Averill: In 1892 Adelina was sent to St. Louis to attend the Maryville College of the Sacred Heart. It was primarily a Catholic finishing school. Although the wealthiest Spanish and Mexican families of New Mexico had been sending their children away to school for generations, primarily to Mexico City, and later to St. Louis, once the railroad reached the Southwest it made travel much simpler.
Elizabeth: In 1897, Adelina’s mother Eloisa wrote out her will, in which she bequeathed her first husband’s lands to her two sons by that marriage and bequeathed her Luna family landholdings to her daughter Adelina. Spanish/Mexican law had given women a legal identity and many rights. Some of these rights consisted of maintaining one’s maiden name after marriage, property ownership within the marriage, and community property in case of divorce. Hispanas could buy and sell crops, animals, and material goods, as well as operate stores, enter into contracts, and file lawsuits in court as well as testify. Eloisa followed a long tradition of Hispanas’ bequeathing the lands they brought into a marriage to their daughters in accordance with Spanish and Mexican customs.[2]

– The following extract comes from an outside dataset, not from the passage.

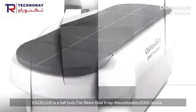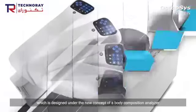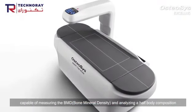Exilus is a half-body Fan Beam Dual X-ray Absorptiometry device, which is designed under the new concept of a body composition analyzer, capable of measuring BMD and analyzing half-body composition.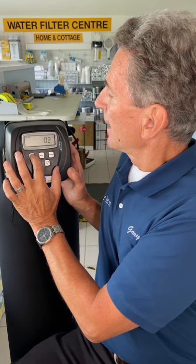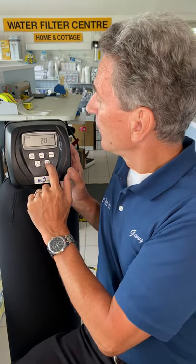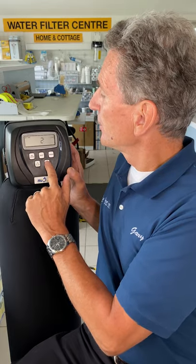And then you press set clock. So again, you see the minutes flashing. You can use the arrow up or arrow down to set that. Press set clock, and you're done.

Elizabeth: However, women’s rights were somewhat curtailed by statehood. The New Mexico constitution, written in 1910, contained provisions defending the ethnic, cultural, and linguistic rights of Hispanic New Mexicans. However, Article VII, which proclaimed these rights, also limited the political rights of women and only allowed them to hold public offices related to schooling, such as superintendent, director, or member of boards of education.
Averill: In 1908 Adelina married First Lieutenant Rawson D. Warren, the commanding officer of the Fifth U.S. Cavalry stationed at Fort Wingate. By all accounts it was not a happy marriage. She did not enjoy the restrictive life of an Army officer’s wife and she missed her large family and friends in Santa Fe. She seemed to buck against the rules whenever she had a chance. For example, once after being expressly forbidden to ride her husband’s stallion, she rode it anyway. While riding, the stallion reared back, hit Adelina’s face and broke her nose.[3]
Elizabeth: However, restrictions as to her movements were probably not the only issues in Adelina’s marriage. She also found out that her husband had another family in the Philippines, a common-law wife and two children. She divorced him after only two years of marriage.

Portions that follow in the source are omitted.